It’s really nice to get praise, but of course, limerence has to come along and spoil everything.
He is also a huge advocate and mentor for me and has taken me under his wing, pulling me often into whatever he is doing. He is super professional with me (as I am with him). I know this is nothing but my little ego getting inflated by all this. I know this rationally, but every time I start slipping off LE chains, his public agreeing with me, supporting me, giving me kudos happens… and I fall in the ring of fire again!
Lotus needs to find a way to break this cycle. Neither she nor her boss are free to pursue a romantic relationship, even if they wanted to. So, what can be done?
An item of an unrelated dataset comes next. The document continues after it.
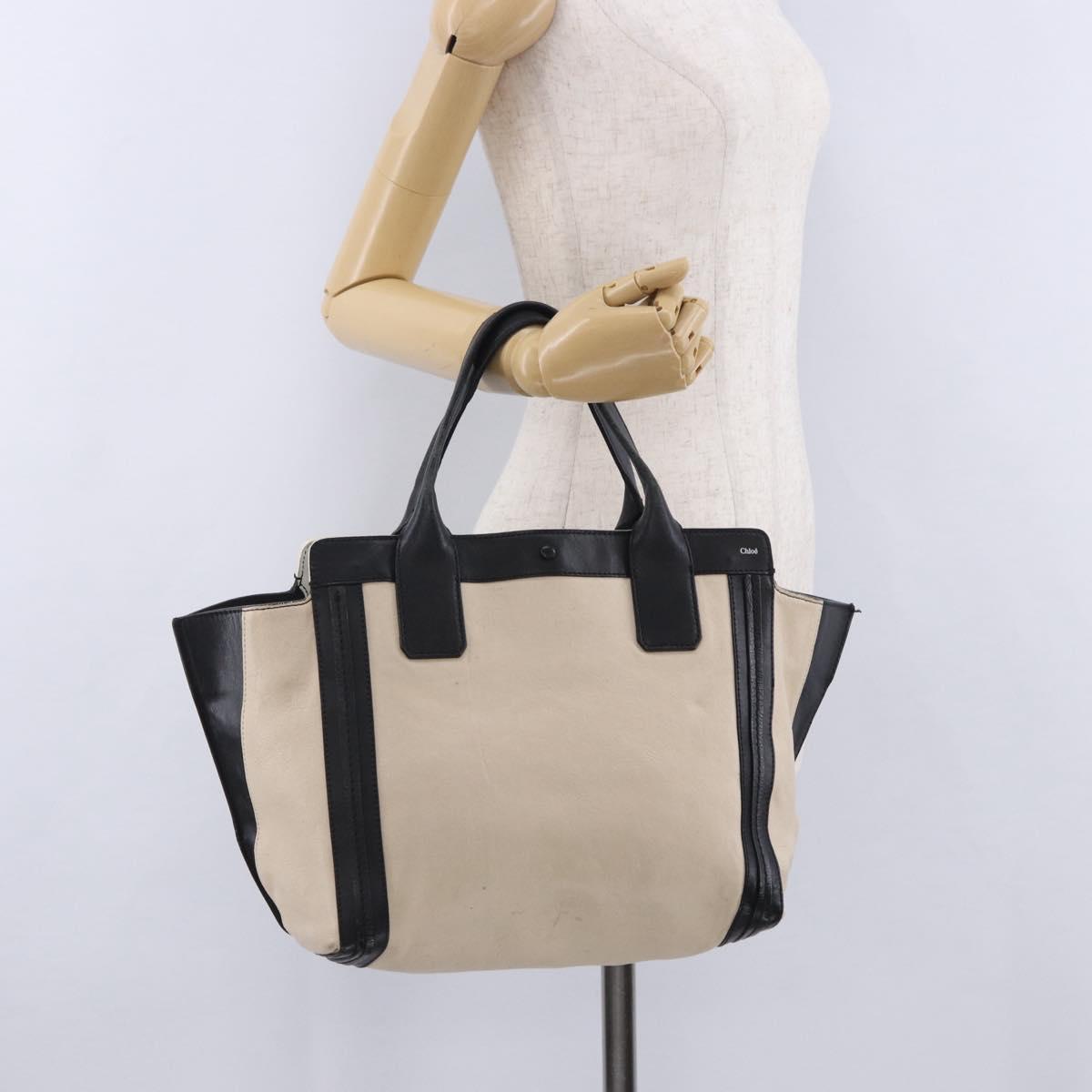 Chloe Alison Tote Bag Leather Ivory Black Auth 203353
Well, a good starting point is to analyse some of the psychological factors in play here, and see if that uncovers what might be going on beneath the surface.
1. The power of praise
The first thing to note is that the direct trigger for limerent feelings in Lotus is praise from her boss. That is a very common trigger. It’s emotional validation, professional recognition, ego-fluffing, and self-esteem boosting all rolled into one. A rewarding stew.
For limerents who are struggling to find emotional sustenance elsewhere, this can be a potent trigger for the glimmer. Someone in a position of authority praises you, values you, and pays attention to you. They see you, and that makes them seem marvellous.
From a neurochemical perspective, this is the rush of victory – a mix of dopamine reward and serotonin mood enhancement. A taste of that becomes desirable, then motivating, then addictive.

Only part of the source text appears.